Syracuse şehri, Kramer'i fahri vatandaş yaptı . Academia Platonica Septima Monasteriensis'in fahri üyesi ve Napoli'deki Accademia Pontaniana'nın ilgili bir üyesiydi .

Yayınlar

Krämer'in sayısız makale, küçük katkıları ve incelemeleri kaynakçada (web bağlantılarının altında) listelenmiştir.

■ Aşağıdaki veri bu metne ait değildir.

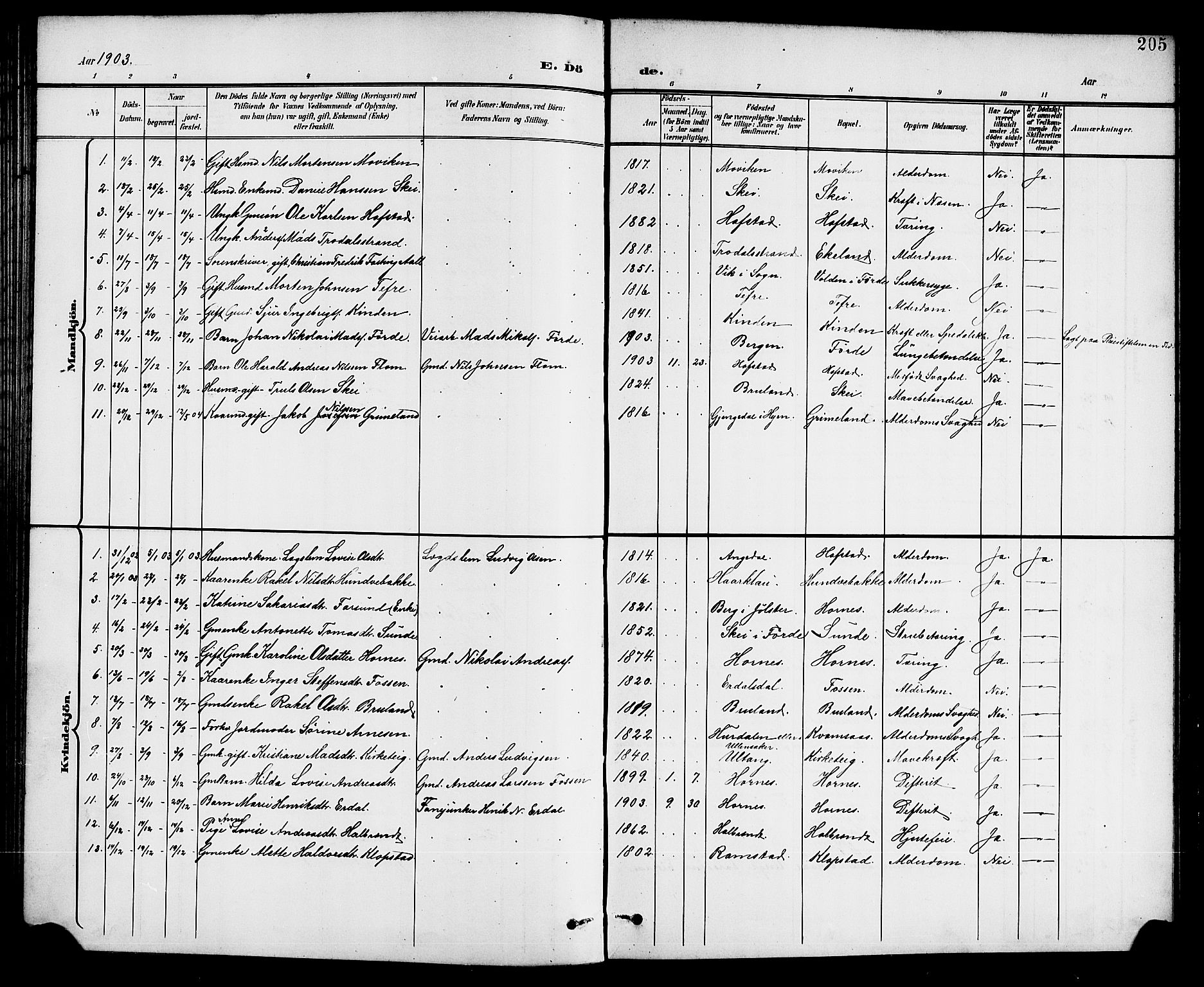 Førde sokneprestembete, AV/SAB-A-79901/H/Hab/Haba/L0003: Parish register (copy) no. A 3, 1899-1924, p. 205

  • Platon ve Aristoteles'te Arete. Platonik ontolojinin doğası ve tarihi hakkında (= Heidelberg Bilimler Akademisi incelemeleri. Felsefi-tarihsel sınıf , 1959 doğumlu, no. 6). Kış, Heidelberg 1959 (yeni baskı: Schippers, Amsterdam 1967)
  • Zihin metafiziğinin kökeni. Platon ve Plotinus arasında Platonculuk tarihi üzerine çalışmalar . 2., değişmemiş baskı. Grüner, Amsterdam 1967 (1. baskı 1964)
  • Platonculuk ve Helenistik Felsefe . De Gruyter, Berlin / New York 1971, ISBN 3-11-0036-43-6
  • Kıdemli Akademi. In: Hellmut Flashar (ed.): Felsefe tarihinin ana hatları . Antik çağ felsefesi , Cilt 3: Eski Akademi - Aristoteles - Peripatos , 2., gözden geçirilmiş ve genişletilmiş baskı, Schwabe, Basel 2004 (1. baskı 1983), ISBN 3-7965-1998-9 , s. 1-165
  • Bireysel etiğin rehabilitasyonu için rica . Grüner, Amsterdam 1983, ISBN 90-6032-248-7
  • La nuova, Platone'u hayal ediyor . Bibliopolis, Napoli 1986, ISBN 88-7088-157-1
  • Platon ve Metafiziğin Temelleri. Platon'un İlkeler Teorisi ve Yazılmamış Doktrinleri Üzerine Temel Belgelerin Bir Derlemesi Üzerine Bir Çalışma . State University of New York Press, Albany 1990, ISBN 978-0-79-140433-1 ( Platone ei fondamenti della metafisica çevirisi. Saggio sulla teoria dei principi e sulle dottrine non scritte di Platone . Vita e Pensiero, Milano 1982; yani uzak Almanca baskısı yok)
  • Bütünleştirici etik . Suhrkamp, ​​Frankfurt am Main 1992, ISBN 3-518-58112-0
  • Bir sanat antropolojisi üzerine düşünceler . Musarion, Tübingen 1994
  • Yorumbilimin Eleştirisi. Yorum felsefesi ve gerçekçilik . Beck, Münih 2007, ISBN 978-3-406-56486-4
  • Plato üzerine derlenen makaleler , ed. Dagmar Mirbach tarafından. De Gruyter, Berlin / Boston 2014, ISBN 978-3-11-026718-1

Edebiyat

  • Martin Endreß (Ed.): Bütünleştirici bir etiğin temeli üzerine. Hans Krämer için (= Suhrkamp-Taschenbuch Wissenschaft 1205). Suhrkamp, ​​Frankfurt am Main 1995, ISBN 3-518-28805-9
  • Dagmar Mirbach (Ed.): Hermeneutik ve felsefe tarihi. 80. doğum gününde Hans Krämer için Festschrift. Olms, Hildesheim 2009, ISBN 978-3-487-14283-8

İnternet linkleri

Uyarılar

  1. Jürgen Busche : Başlangıç ​​görevinde . İçinde: Frankfurter Allgemeine Zeitung 28 Ocak 1987, s.31.
  2. Kürschner's German Scholars Calendar 2009 , 22nd edition, Cilt 2, Münih 2009, s. 2193.
  3. Hans Krämer: Collected Essays on Plato , Berlin / Boston 2014 cildinde bir dizi ilgili yayın derlenmiştir .
  4. Hans Joachim Krämer: Tübingen Plato araştırmasının geçici dengesi . İçinde: Denkwege 3, 2004, s. 100–118, burada: 100 f.
  5. Hans Joachim Krämer: Tübingen Plato araştırmasının geçici dengesi . İçinde: Denkwege 3, 2004, s. 100–118, burada: 117.
  6. Hans Krämer: Plato üzerine derlenmiş makaleler , Berlin 2014, s. XI - XIII.
  7. Hans Krämer: Integrative Ethik , Frankfurt 1992, s. 127.
  8. Hans Krämer: Integrative Ethik , Frankfurt 1992, s. 9–11, 119–126.
  9. Hans Krämer: Bütünleştirici Etik . Joachim Schummer (Ed.): Glück und Ethik , Würzburg 1998, s. 93-107, burada: 93 f., 96, 99; Hans Krämer: Integrative Ethik , Frankfurt 1992, s. 78, 98.
  10. Hans Krämer: Integrative Ethik , Frankfurt 1992, s. 14-16.
  11. Hans Krämer: Bütünleştirici Etik . Joachim Schummer (Ed.): Glück und Ethik , Würzburg 1998, s. 93-107, burada: 97 f.
  12. Hans Krämer: Etik tavsiye vermeli ve tavsiye edebilir mi? İçinde: Jakob Hans Josef Schneider (Ed.): Etik - Orientierungswissen? , Würzburg 2000, s. 31-44.
  13. Hans Krämer: Bireysel etiğin rehabilitasyonu için dilekçe , Amsterdam 1983, s. 2 f., 65.
  14. Hans Krämer: Critique of Hermeneutics , Münih 2007, s. 9, 11 f., 14.
  15. Hans Krämer: Hermeneutik Eleştirisi , Münih 2007, s.13.
  16. Hans Krämer: Güncel Hermeneutik Tartışmasına Yeni Katkılar. Dagmar Mirbach (Ed.): Hermeneutics and History of Philosophy , Hildesheim 2009, s. 115–126, burada: 120–124.
  17. Hans Krämer: Critique of Hermeneutics , Münih 2007, ss.9, 15.
  18. Hans Krämer: Güncel Hermeneutik Tartışmasına Yeni Katkılar. Dagmar Mirbach (Ed.): Hermeneutics and History of Philosophy , Hildesheim 2009, s. 115–126, burada: 124; Hans Krämer: Hermeneutik Eleştirisi , Münih 2007, s. 140 f., 143 f.